Artificial Intelligence and 3D Reconstruction in Complex Hepato-Pancreato-Biliary (HPB) Surgery: A Comprehensive Review of the Literature
- Publicada
- Servidor
- Preprints.org
- DOI
- 10.20944/preprints202510.2231.v1
Background: The management of complex hepato-pancreato-biliary (HPB) pathologies demands exceptional surgical precision. Traditional two-dimensional imaging has limitations in depicting intricate anatomical relationships, potentially complicating preoperative planning. This review explores the synergistic application of three-dimensional (3D) reconstruction and artificial intelligence (AI) to enhance surgical management in complex HPB cases. Methods: This narrative review comprehensively synthesized the existing literature on the applications, benefits, and limitations of 3D reconstruction and AI technologies in the context of HPB surgery. Results: The literature demonstrates that 3D reconstruction provides patient-specific, interactive models that significantly improve surgeons' understanding of tumor resectability and vascular anatomy, contributing to reduced operative time and blood loss.

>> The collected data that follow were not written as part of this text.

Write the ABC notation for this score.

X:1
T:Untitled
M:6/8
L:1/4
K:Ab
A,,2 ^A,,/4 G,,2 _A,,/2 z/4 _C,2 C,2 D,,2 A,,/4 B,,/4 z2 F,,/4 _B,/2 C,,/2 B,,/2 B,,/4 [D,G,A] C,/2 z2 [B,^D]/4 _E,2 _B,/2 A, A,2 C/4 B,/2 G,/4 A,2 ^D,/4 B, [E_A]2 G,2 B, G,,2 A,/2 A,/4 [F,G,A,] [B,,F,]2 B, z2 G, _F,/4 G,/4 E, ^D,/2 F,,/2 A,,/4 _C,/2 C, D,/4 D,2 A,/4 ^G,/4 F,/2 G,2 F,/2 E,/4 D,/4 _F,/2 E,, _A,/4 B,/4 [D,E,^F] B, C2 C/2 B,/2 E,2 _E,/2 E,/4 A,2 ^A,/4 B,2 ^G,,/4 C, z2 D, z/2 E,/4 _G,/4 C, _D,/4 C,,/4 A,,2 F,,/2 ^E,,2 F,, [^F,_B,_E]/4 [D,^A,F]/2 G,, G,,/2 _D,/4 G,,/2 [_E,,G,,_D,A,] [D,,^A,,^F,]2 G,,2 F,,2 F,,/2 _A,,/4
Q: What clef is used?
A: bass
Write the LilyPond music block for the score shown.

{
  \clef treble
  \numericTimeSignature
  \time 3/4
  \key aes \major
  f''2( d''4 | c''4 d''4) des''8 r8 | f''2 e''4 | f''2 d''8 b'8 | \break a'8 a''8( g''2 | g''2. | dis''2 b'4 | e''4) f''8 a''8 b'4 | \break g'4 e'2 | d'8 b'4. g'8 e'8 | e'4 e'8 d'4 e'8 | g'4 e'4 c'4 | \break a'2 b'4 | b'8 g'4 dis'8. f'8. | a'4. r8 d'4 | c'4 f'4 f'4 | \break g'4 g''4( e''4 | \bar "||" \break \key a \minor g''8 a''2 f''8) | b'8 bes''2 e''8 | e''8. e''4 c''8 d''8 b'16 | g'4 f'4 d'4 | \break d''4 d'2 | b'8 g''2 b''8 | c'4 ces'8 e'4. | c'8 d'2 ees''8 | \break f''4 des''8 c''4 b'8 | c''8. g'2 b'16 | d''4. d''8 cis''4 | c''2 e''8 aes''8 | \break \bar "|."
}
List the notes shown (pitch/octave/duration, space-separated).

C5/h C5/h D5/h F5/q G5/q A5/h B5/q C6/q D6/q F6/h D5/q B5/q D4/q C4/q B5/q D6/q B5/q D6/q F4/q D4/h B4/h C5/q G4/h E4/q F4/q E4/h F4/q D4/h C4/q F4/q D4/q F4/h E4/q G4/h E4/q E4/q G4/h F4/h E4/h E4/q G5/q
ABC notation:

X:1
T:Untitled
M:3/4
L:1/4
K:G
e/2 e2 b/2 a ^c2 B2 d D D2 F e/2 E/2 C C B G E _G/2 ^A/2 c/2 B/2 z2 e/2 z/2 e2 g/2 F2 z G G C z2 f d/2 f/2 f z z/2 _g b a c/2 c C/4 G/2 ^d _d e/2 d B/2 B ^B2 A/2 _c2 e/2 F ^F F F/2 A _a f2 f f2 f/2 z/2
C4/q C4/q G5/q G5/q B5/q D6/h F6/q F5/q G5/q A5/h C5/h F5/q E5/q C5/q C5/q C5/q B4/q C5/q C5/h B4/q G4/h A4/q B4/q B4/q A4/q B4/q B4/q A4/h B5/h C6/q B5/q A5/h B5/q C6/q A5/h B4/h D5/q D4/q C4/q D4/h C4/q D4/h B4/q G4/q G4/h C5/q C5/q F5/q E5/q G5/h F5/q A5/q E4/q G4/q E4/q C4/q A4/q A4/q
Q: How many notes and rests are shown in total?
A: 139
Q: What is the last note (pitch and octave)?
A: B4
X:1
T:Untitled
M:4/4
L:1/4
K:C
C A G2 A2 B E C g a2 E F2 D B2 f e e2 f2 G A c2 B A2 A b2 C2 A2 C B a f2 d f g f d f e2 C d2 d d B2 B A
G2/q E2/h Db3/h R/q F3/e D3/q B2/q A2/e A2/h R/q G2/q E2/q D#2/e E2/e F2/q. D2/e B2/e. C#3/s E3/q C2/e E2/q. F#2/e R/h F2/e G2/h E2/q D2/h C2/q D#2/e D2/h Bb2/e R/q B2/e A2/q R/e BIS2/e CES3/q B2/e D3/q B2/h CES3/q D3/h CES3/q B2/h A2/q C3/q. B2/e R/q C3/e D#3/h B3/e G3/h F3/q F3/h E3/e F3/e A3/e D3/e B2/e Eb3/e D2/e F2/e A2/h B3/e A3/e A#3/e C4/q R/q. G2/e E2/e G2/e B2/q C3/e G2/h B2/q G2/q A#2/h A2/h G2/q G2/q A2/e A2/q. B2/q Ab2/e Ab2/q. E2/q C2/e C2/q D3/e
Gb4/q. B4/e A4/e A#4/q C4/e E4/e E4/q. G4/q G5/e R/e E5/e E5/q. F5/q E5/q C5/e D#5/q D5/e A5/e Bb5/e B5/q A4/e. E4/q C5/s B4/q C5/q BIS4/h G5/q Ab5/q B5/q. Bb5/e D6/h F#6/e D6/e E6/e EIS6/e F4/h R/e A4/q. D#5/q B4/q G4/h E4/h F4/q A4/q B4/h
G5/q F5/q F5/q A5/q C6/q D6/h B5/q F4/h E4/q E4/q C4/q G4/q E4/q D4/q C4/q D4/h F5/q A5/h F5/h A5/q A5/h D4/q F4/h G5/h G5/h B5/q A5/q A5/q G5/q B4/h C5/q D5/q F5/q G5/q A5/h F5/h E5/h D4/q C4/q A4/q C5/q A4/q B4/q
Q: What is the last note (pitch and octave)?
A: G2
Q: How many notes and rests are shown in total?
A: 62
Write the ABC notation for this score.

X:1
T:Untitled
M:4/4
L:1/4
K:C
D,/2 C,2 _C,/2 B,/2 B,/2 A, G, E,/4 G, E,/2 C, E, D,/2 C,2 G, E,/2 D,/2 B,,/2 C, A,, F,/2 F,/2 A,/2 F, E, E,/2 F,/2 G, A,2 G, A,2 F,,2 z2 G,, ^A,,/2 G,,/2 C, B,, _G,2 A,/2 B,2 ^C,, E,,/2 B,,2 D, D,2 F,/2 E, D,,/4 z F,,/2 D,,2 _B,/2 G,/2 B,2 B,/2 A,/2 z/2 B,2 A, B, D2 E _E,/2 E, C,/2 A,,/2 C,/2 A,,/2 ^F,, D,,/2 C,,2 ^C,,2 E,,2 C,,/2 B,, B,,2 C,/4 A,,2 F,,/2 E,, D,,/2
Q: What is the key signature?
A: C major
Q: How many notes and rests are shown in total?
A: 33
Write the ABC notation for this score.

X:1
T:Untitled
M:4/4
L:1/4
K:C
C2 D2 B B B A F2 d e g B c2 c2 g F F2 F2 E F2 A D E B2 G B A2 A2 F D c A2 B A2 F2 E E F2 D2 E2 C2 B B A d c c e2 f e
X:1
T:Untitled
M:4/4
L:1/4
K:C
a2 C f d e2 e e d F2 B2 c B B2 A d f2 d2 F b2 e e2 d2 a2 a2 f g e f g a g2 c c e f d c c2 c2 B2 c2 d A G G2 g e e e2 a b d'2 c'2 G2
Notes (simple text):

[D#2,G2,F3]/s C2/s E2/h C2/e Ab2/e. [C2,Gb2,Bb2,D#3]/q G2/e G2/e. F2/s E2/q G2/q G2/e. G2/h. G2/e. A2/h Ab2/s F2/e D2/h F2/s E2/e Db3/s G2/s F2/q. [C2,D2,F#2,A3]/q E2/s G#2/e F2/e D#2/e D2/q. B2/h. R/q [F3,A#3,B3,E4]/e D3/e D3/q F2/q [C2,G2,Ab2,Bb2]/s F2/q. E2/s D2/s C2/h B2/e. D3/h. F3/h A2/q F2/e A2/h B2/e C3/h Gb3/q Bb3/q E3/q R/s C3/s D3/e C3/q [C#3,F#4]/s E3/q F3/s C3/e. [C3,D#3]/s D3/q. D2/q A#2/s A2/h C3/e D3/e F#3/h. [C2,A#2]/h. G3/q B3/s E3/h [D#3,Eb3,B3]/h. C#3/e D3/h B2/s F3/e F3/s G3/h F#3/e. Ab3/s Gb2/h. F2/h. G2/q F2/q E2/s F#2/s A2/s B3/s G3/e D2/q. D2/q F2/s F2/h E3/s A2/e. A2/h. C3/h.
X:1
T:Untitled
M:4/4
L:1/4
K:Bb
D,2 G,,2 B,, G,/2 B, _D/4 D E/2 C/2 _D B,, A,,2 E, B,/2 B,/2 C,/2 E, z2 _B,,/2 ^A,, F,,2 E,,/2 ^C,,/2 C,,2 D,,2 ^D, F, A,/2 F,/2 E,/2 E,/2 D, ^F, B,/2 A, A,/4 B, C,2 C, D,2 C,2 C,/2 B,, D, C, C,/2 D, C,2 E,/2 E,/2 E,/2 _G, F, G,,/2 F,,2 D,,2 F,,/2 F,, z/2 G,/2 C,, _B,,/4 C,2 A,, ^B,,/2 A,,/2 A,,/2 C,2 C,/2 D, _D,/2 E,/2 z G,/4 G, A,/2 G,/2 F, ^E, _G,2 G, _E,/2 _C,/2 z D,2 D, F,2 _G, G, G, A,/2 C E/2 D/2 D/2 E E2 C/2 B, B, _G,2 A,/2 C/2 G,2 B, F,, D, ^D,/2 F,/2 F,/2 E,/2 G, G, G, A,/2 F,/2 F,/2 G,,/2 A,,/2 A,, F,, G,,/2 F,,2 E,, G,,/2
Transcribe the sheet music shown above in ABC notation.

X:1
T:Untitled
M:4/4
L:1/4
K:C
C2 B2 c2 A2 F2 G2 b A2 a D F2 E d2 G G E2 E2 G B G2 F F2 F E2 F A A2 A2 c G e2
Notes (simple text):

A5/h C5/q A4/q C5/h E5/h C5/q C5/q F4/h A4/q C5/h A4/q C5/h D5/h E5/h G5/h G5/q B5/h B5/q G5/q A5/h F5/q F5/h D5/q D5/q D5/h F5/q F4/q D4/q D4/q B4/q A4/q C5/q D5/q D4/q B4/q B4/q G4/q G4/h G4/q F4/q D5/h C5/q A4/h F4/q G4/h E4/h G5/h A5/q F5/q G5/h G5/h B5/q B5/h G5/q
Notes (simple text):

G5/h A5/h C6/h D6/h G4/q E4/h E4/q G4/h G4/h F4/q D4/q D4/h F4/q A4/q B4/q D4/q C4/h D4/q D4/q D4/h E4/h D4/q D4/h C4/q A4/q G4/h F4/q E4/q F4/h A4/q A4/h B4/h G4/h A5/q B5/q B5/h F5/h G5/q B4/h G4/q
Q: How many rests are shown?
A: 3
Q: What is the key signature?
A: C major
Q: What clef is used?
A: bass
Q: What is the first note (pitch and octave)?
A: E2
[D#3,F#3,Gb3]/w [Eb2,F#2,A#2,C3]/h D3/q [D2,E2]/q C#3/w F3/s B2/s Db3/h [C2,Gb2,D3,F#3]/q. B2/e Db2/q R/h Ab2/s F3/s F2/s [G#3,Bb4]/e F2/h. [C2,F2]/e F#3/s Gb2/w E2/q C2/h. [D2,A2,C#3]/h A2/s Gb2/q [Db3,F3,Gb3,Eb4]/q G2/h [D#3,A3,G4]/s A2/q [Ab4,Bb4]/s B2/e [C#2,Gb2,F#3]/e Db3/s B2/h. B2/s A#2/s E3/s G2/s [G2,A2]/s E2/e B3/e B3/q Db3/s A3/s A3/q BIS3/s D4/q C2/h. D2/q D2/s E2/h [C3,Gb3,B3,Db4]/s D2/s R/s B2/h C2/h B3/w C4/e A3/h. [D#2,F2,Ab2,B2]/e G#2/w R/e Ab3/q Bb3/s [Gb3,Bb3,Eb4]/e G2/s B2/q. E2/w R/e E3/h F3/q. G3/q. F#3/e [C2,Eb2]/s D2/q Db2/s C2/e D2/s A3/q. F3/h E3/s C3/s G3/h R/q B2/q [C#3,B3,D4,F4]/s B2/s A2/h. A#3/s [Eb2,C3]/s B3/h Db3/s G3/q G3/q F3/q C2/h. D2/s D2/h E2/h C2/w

Building upon this, AI algorithms automate image segmentation for 3D modeling, enhance diagnostic accuracy, and offer predictive analytics for postoperative complications, such as liver failure. By analyzing large datasets, AI can identify subtle risk factors to guide clinical decision-making. Conclusion: The convergence of 3D visualization and AI-driven analytics is creating a paradigm shift in HPB surgery. This powerful combination is fostering a move toward a more personalized, precise, and data-informed surgical approach, with the potential to optimize outcomes for the most challenging patient cohorts.